## [YOUR ASSIGNMENT]
The line with "736 Canfield Place", the line with "Spacious double-volume living", and all lines between them in the material below: return these exactly, and no others.

[[ RECORDS FOR THE EXERCISE open ]]

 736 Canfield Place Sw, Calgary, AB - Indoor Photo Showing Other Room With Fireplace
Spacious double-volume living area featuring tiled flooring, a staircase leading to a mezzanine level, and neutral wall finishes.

[[ RECORDS FOR THE EXERCISE closed ]]
[[ RECORDS FOR THE EXERCISE open ]]

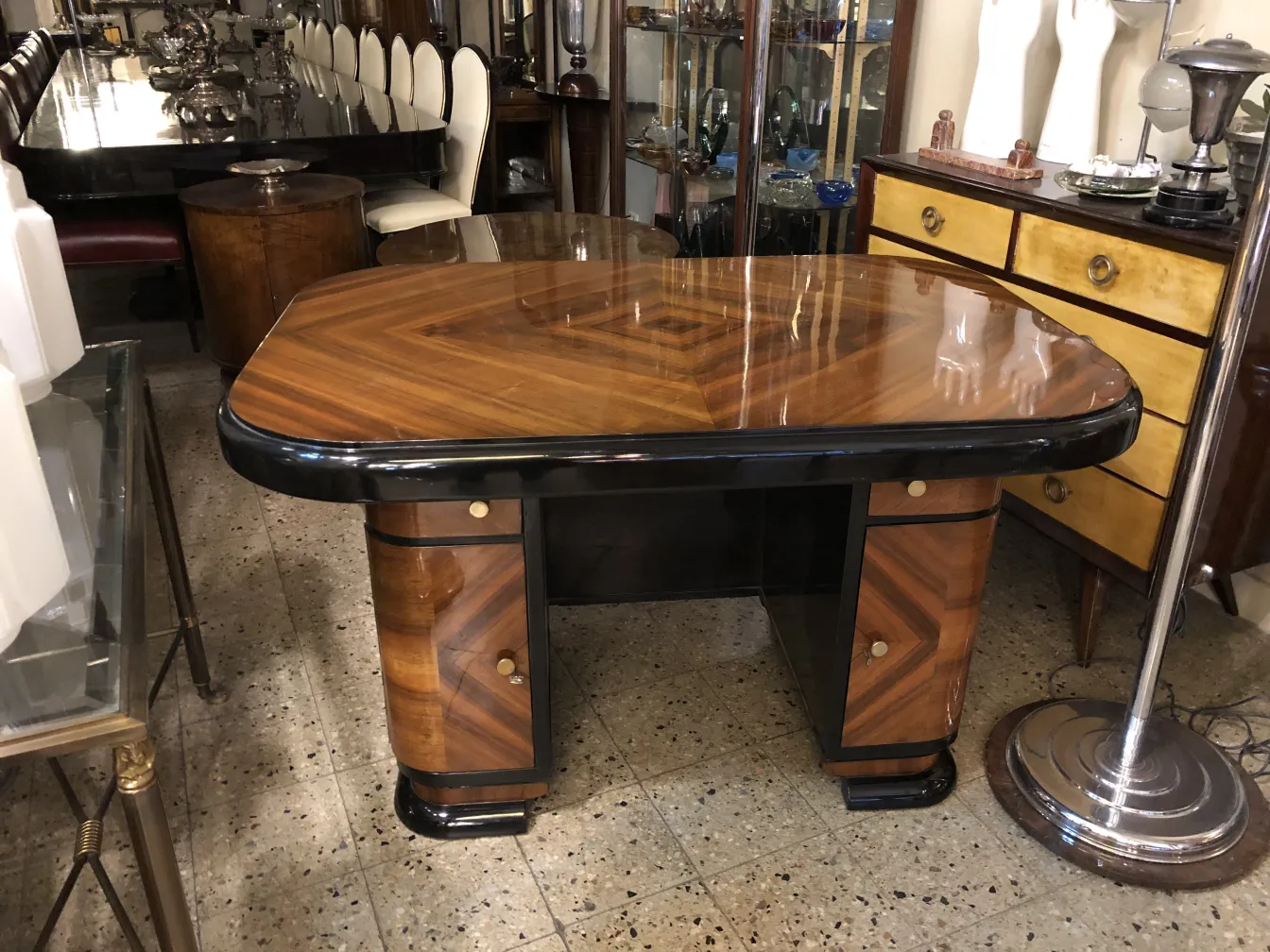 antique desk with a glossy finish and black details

[[ RECORDS FOR THE EXERCISE closed ]]

## [OUTPUT OF THE EXERCISE]
 736 Canfield Place Sw, Calgary, AB - Indoor Photo Showing Other Room With Fireplace
Spacious double-volume living area featuring tiled flooring, a staircase leading to a mezzanine level, and neutral wall finishes.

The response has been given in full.